Zebrinha é exímio bailarino, coreógrafo e diretor artístico, é poliglota, ativista e assinou a coreografia de dezenas de espetáculos de sucesso. Tornou-se um homem bem sucedido, sua história serve como um grande exemplo profissional para tantos meninos e meninas negras das periferias de Salvador, mas com certeza sua maior importância está nos valores que são compartilhados com esses jovens, em sua honradez e caráter, sua consciência política e valorização da negritude, formando não apenas bailarinos para brilhar nos palcos, mas preparando jovens para vencer na vida.

Eu fui a fotógrafa que o acompanhou na condecoração com a medalha Zumbi dos Palmares, oferecida pela Câmara Municipal soteropolitana, e até hoje me arrepio ao lembrar dos tantos depoimentos emocionados que alunos e amigos deram sobre o nosso grande mestre, homens e mulheres choraram ao recordarem da importância de gestos e palavras desse homem ao longo de suas histórias. Essas atitudes são bastante corriqueiras, aliás, em suas fotos no Facebook, onde alunos e admiradores deixam seus depoimentos carinhosos, endossando as falas da maioria: “Ele é rígido, mas ama e acolhe como ninguém!”.
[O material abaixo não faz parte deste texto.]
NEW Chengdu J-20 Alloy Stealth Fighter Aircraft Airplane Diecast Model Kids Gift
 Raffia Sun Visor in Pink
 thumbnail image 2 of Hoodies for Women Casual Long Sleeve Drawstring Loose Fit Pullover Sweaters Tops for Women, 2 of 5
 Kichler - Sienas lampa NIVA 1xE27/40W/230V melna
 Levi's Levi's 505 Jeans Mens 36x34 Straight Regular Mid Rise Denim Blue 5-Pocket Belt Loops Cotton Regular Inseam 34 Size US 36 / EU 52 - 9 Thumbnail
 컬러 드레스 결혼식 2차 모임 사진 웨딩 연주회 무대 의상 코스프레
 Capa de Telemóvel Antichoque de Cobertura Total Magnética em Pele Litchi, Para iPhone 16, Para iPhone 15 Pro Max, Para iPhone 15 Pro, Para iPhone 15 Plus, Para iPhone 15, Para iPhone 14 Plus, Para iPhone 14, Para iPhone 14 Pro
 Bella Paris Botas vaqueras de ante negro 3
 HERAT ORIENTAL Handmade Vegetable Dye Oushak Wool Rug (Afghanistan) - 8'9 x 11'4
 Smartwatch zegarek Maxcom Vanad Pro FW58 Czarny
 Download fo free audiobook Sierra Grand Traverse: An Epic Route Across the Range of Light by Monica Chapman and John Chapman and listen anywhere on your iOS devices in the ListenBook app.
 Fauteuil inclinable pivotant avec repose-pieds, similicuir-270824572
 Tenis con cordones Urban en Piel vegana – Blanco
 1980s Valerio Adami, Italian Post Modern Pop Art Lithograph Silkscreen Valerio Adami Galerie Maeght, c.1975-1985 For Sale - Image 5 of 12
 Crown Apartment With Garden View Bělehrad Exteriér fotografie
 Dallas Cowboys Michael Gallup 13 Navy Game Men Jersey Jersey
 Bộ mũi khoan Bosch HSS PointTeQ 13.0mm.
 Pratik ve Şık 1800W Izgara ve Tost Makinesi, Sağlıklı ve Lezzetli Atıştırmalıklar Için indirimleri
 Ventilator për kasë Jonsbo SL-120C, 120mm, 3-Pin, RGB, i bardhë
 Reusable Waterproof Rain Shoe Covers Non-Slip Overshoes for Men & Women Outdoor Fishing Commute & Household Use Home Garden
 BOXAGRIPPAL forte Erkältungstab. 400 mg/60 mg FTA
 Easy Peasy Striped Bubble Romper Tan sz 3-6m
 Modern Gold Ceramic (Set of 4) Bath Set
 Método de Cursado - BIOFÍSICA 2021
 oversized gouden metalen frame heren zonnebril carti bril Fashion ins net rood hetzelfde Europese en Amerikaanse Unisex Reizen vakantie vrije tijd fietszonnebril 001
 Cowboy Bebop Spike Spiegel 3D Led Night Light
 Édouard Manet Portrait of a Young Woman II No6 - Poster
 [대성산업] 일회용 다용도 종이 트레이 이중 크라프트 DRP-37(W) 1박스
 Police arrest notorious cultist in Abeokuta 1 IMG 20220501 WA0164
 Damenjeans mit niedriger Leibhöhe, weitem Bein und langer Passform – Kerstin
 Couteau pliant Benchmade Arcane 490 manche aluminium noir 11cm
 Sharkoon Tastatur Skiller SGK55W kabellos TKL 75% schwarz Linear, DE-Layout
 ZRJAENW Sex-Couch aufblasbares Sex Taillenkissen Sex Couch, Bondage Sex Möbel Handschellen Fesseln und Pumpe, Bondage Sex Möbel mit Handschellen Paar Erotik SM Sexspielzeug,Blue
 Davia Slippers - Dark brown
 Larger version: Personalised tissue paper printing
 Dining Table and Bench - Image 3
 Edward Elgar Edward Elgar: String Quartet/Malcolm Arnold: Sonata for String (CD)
Para os que não o conhecem, à primeira vista ele assusta por seu porte avantajado e a expressão séria, mas quem ganha sua confiança, ganha também um dos sorrisos mais lindos da Bahia, ganha o abraço mais acolhedor, e o olhar mais franco que se possa imaginar, quem ganha a confiança desse mestre, ganha um amigo para uma vida inteira. Vida longa, feliz e saudável a esse Filho de Xorokê, que Èsù e Ògún mesmo o abençoem, levando-o para todos os lugares onde sua força de forjar artistas e pessoas de bem se faça necessária. Parabéns por sua existência tão transformadora, Zebrinha! Parabéns também por sua arte e talento. Adupé (obrigada)!